Thoughts on My First IDPA Match

Well, I did it – I shot my first IDPA match today! Thanks to Match Director Joe L. and all the Safety Officers who made it possible (and put up with more than a few newbie mistakes from me). A special shout-out and sincere thanks to Julie Golob, whose encouragement got me through that moment of panic when I looked at the stage diagrams and thought to myself “what the &#!* have I gotten myself into?!?”

For the curious and intrepid, here’s some video – we shot six stages, but I only was able to get video for four of them:

Let me say, first of all, that IDPA is an absolute blast! You get to exercise skills – drawing from a holster, shooting while moving, shooting from cover – that rarely get exercised at a regular range. You also get the adrenaline rush that comes from shooting under pressure (in this case, time pressure), which is a good thing to know how to deal with. In a self-defense situation, you can bet the adrenaline will be pumping, so knowing how to shoot through that is an important survival skill. (In fact, after my first stage today, I was so buzzed/shaky from the adrenaline surge that I dropped four cartridges while trying to reload.)

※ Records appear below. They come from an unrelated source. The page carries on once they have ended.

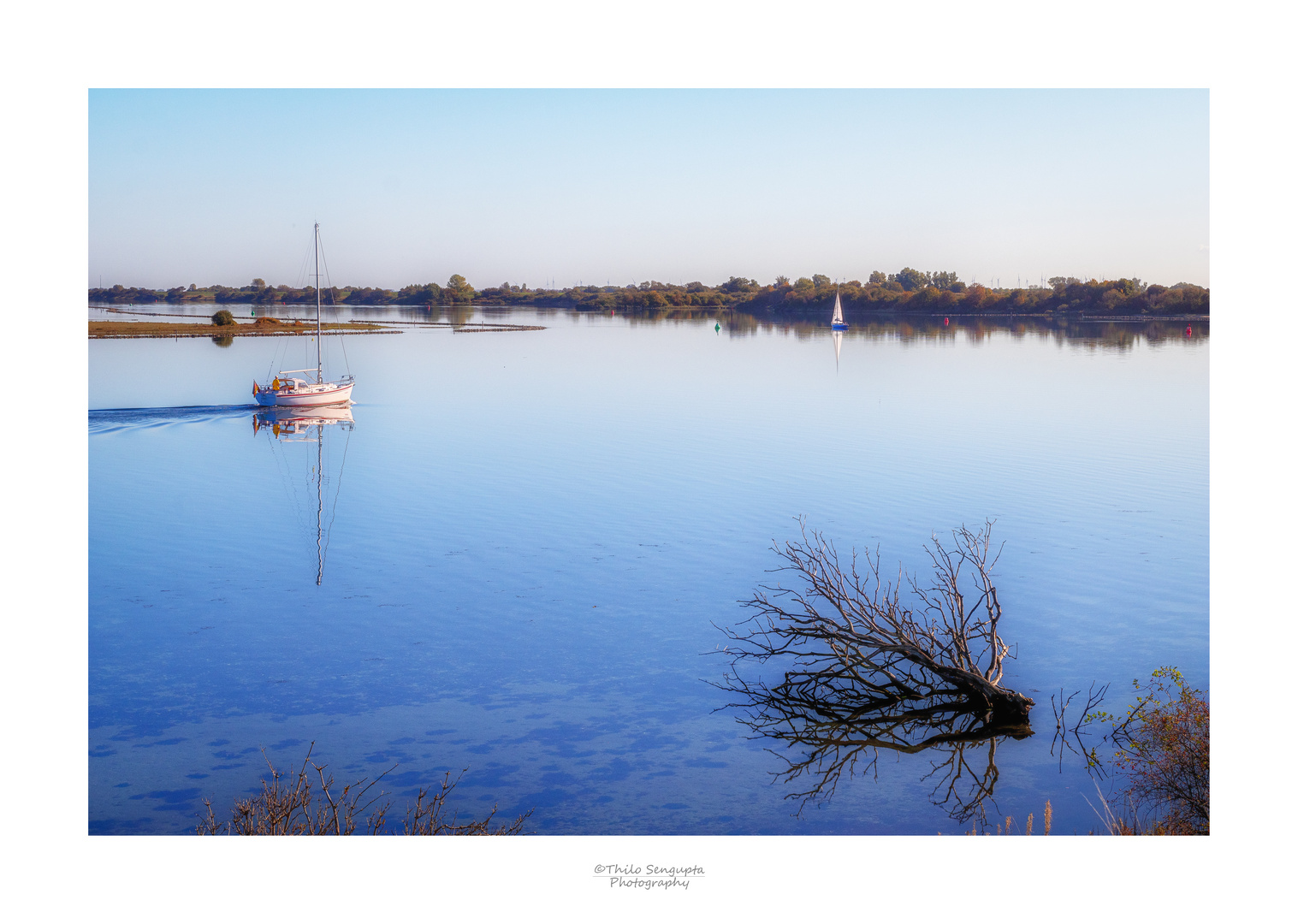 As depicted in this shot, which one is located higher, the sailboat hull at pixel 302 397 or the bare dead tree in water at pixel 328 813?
the sailboat hull at pixel 302 397

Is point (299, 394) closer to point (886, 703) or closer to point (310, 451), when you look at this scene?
point (310, 451)

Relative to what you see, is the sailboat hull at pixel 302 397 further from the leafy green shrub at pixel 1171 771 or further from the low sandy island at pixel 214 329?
the low sandy island at pixel 214 329

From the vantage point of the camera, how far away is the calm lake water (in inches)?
347

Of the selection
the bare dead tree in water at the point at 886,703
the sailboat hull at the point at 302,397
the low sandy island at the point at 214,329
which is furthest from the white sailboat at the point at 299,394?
the low sandy island at the point at 214,329

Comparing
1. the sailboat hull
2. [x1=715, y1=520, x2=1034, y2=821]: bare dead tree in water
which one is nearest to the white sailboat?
the sailboat hull

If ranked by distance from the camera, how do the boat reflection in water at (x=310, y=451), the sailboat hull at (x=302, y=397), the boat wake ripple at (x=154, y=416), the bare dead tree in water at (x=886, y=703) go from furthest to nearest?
the sailboat hull at (x=302, y=397) → the boat wake ripple at (x=154, y=416) → the boat reflection in water at (x=310, y=451) → the bare dead tree in water at (x=886, y=703)

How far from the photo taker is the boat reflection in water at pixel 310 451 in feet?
58.3

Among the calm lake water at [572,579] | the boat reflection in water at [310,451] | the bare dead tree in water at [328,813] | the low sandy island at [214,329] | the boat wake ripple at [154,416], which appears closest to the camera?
the bare dead tree in water at [328,813]

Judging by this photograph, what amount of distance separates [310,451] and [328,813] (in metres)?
19.1

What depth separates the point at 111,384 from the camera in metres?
38.8

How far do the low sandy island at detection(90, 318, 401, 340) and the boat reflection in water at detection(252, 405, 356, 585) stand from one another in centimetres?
3152

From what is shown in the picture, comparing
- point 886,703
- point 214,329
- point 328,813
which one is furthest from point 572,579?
point 214,329

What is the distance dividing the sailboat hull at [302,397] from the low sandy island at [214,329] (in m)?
30.8

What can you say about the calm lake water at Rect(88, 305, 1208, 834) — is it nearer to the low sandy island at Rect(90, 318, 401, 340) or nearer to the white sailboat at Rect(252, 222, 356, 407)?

A few thoughts about the experience and lessons learned:

  • I definitely need to get in some practice shooting at longer distances. Although they say 95% of gunfights happen within 3 yards or less, I’d hate to be in the 5% that isn’t. Today the longest shots we took were out to 20 or 25 yards, and my accuracy at that range was not what I’d have liked it to be.
  • That adrenaline thing. In the heat of the moment, all your carefully prepared plans (not to mention your fine motor control skills) go out the window, and you fall back on what you’ve been conditioned to. By the sixth stage, I was starting to learn how to get past the big adrenal dump (within a few seconds, anyway) and start thinking again. This is surprisingly difficult to do.
  • The gun safety habits you learned at the range and in your basic firearms class? You’ll need to re-train those habits in the context of moving, shooting from cover, and otherwise shooting in a more dynamic environment than the range. This is something I’ll have to practice, I can tell.
  • I saw three main kinds of shooters at the match: The gamers who shoot IDPA as a sport/contest and whose primary focus is maximizing their scores; those who shoot IDPA as a way practice and train their defensive handgun skills, and those who treat an IDPA match as just an opportunity to visit with friends and put some rounds downrange and be outside on a nice day. There’s nothing wrong with being in any of these categories, of course, but which box you place yourself in informs your gear and tactical choices. I’ll have some more thoughts about the “IDPA as a game” vs. “IDPA as practice/training” contrast in another post.
  • IDPA is wicked fun. Did I say that already? Well, it’s true.

As I mentioned above, I’m going to post more about a couple of specific lessons I’ve learned preparing for and shooting this match, but probably not until tomorrow or Monday. Right now, I’m going to go bask in the residual adrenaline buzz.

Have a great weekend, everyone!

Edited to Add: Scores were posted this morning. I was #5 out of 6 shooters in the SSP/Unclassified group, with a total score of 256.22. Unfortunately, I was 34 points down for the day and incurred 1 Failure to Neutralize and 2 Procedural Error penalties. Still much room for improvement.


  1. Glad you enjoyed the match!! See you in September!

  2. amphibspook says:

    You go Girl! Glad you’re enjoying it. Props for taking a PRACTICAL approach to practical competition.